- Nichols House
- U.S. National Register of Historic Places
- Nearest city: Ponchatoula, Louisiana
- Coordinates: 30°26′25″N 90°28′24″W﻿ / ﻿30.44028°N 90.47333°W
- Area: 0.7 acres (0.28 ha)
- Built: c. 1880
- NRHP reference No.: 80001762
- Added to NRHP: May 31, 1980

= Nichols House (Ponchatoula, Louisiana) =

Nichols House, near Ponchatoula, Louisiana, dates from around 1880. It was listed on the National Register of Historic Places in 1980.

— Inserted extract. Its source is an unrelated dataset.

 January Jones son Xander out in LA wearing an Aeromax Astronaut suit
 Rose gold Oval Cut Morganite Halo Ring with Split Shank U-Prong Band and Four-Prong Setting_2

It was built asan extremely late version of the traditional Creole raised plantation house plan. There are four large rooms in the front and two cabinets in the rear with a small gallery between. (This rear gallery has since been enclosed.) The main gallery, which encompasses the front and sides of the house, is 90 feet across the front. It consists of milled Stick Style posts with triple stop chamfering and double foil capitals. The house has a board and batten exterior, plate glass windows, and handsome brick chimneys. The two large front doorways have been reworked with new doors and lights.The interior features beaded board on the walls and ceilings. This boarding is angled so as to form a diamond pattern on the dining room ceiling. Other interior features include transom doors and heavy pine Renaissance Revival mantels with burl wood entablatures, and Fleurs de Lis cut into central wooden keystone motifs.

It is located about 2 mi west of Ponchatoula on Louisiana Highway 22, at the end of a 300 yd alley of live oak (as of 1979).